* [Task description]
Leaving out every picture, output the records below exactly as they are.

*** Block opens ***

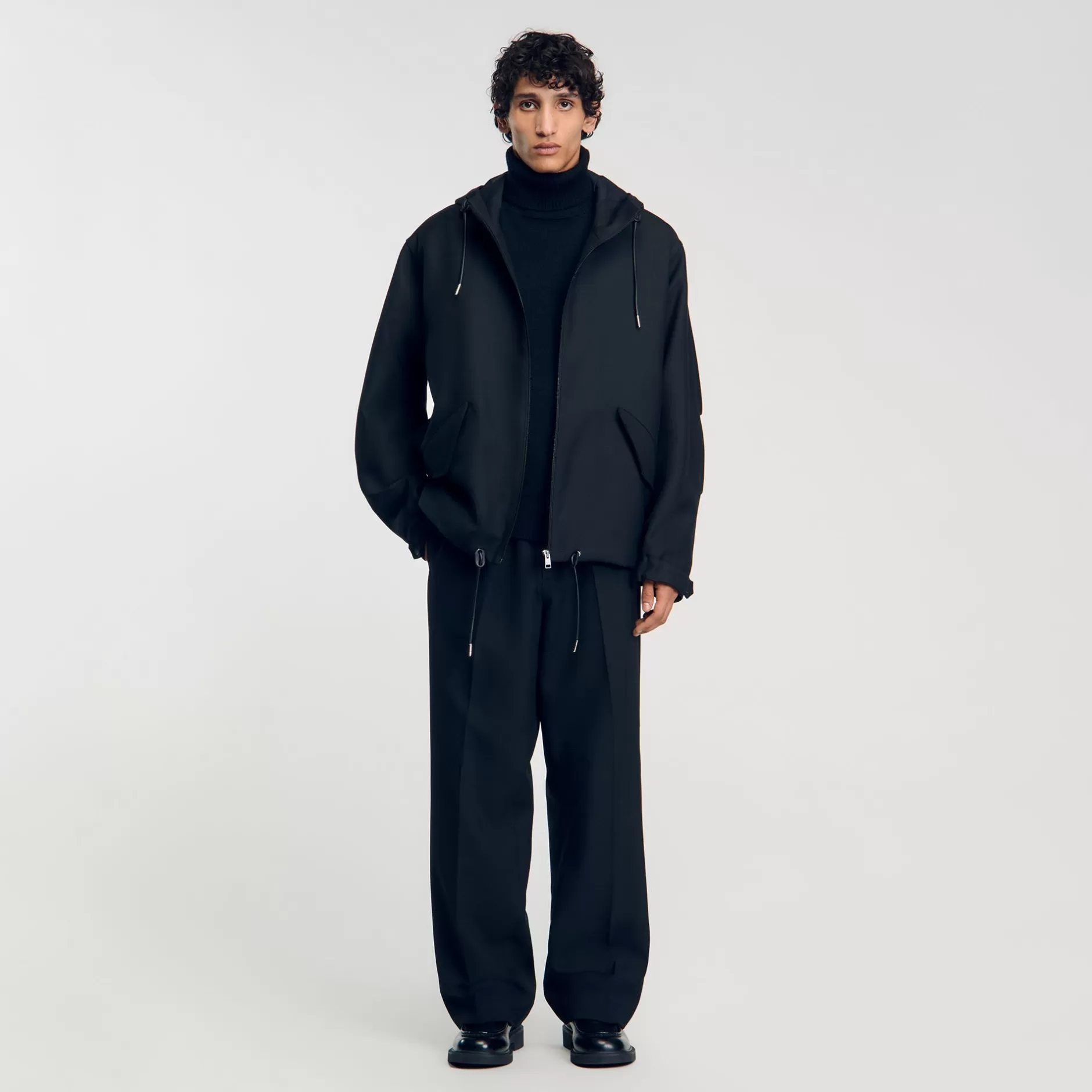 Shop Sandro Blouson Oversize Noir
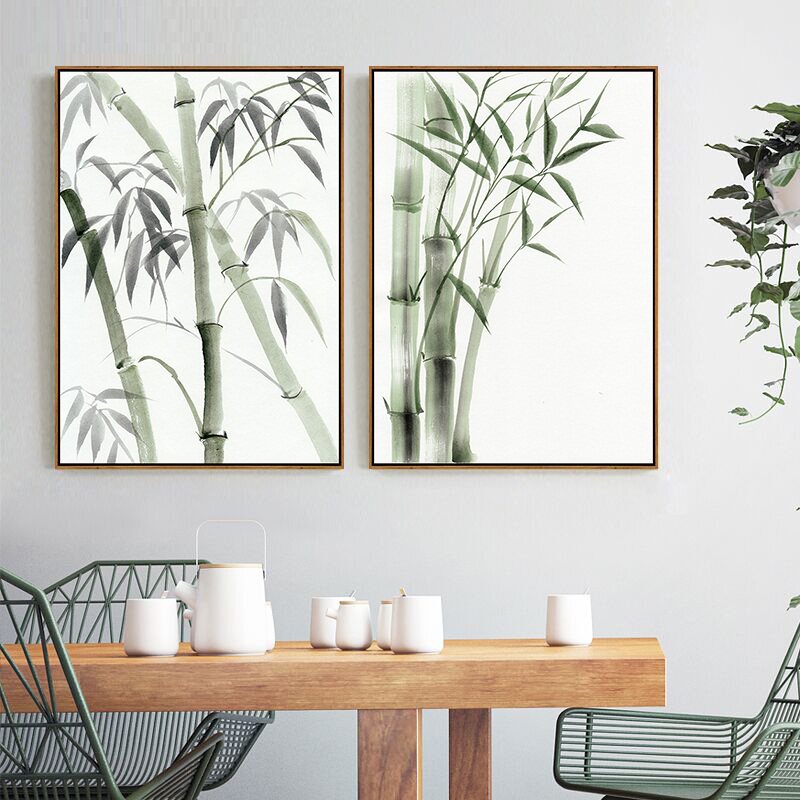 新中式禅意客厅背景墙画餐厅挂画国画水墨竹子装饰画小清新四联画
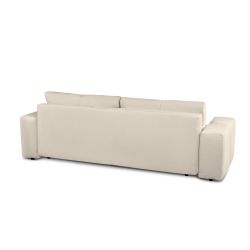 Canapé droit SORELLA convertible tissu chenille grège 3 places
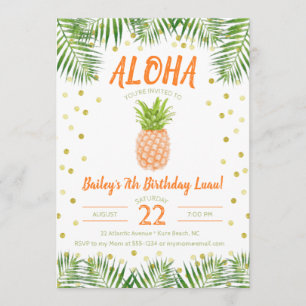Aloha Luau Birthday Inbjudan Tropical Pineapple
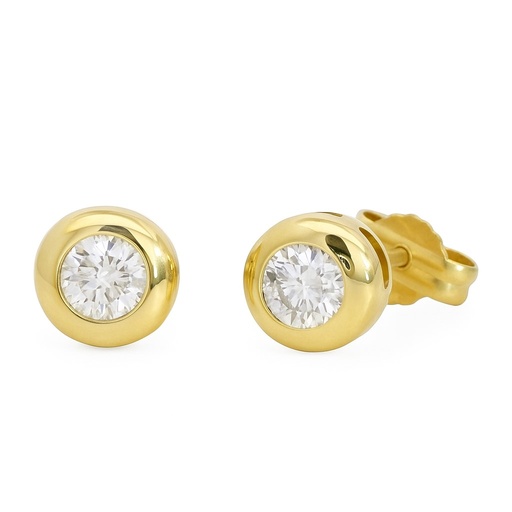 [B4121/0.10] 4MM STUD DIAMOND BEZEL EARRINGS.DIAMONDS H-SI 0.10 CT TW.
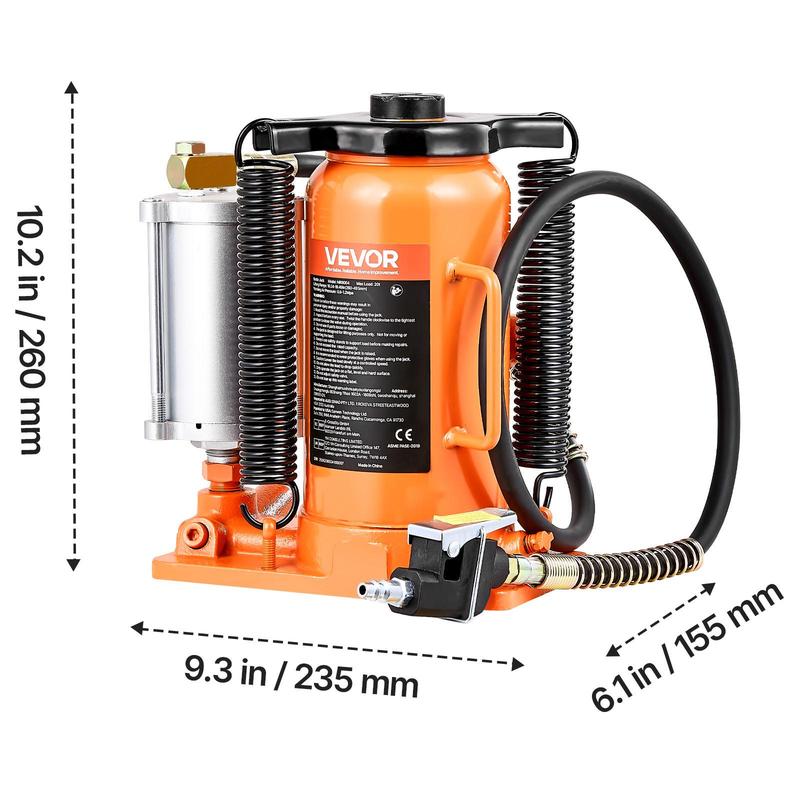 Gato hidráulico de botella, gato de botella de 12 toneladas para reparación de automóviles, gato soldado de alta resistencia de 26,455 lbs con rango de elevación de 8.1 a 15.7 pulgadas para automóviles, SUV, camionetas, tractores y equipos agrícolas - Nar
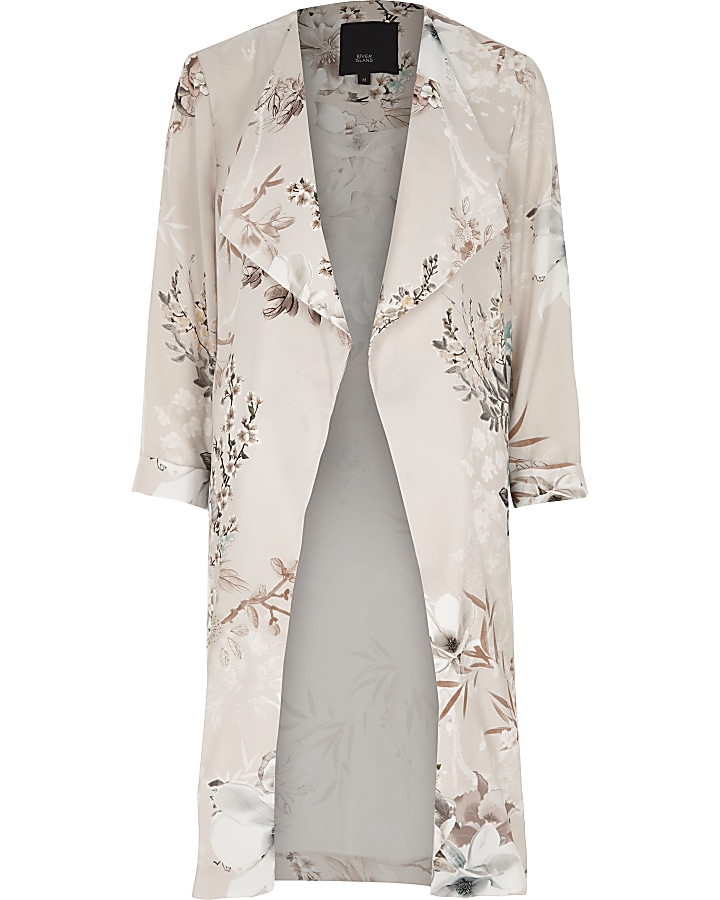 Grey floral print side split duster coat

*** Block closes ***

* [Solved exercise]
 Shop Sandro Blouson Oversize Noir
 新中式禅意客厅背景墙画餐厅挂画国画水墨竹子装饰画小清新四联画
 Canapé droit SORELLA convertible tissu chenille grège 3 places
Aloha Luau Birthday Inbjudan Tropical Pineapple
 [B4121/0.10] 4MM STUD DIAMOND BEZEL EARRINGS.DIAMONDS H-SI 0.10 CT TW.
 Gato hidráulico de botella, gato de botella de 12 toneladas para reparación de automóviles, gato soldado de alta resistencia de 26,455 lbs con rango de elevación de 8.1 a 15.7 pulgadas para automóviles, SUV, camionetas, tractores y equipos agrícolas - Nar
 Grey floral print side split duster coat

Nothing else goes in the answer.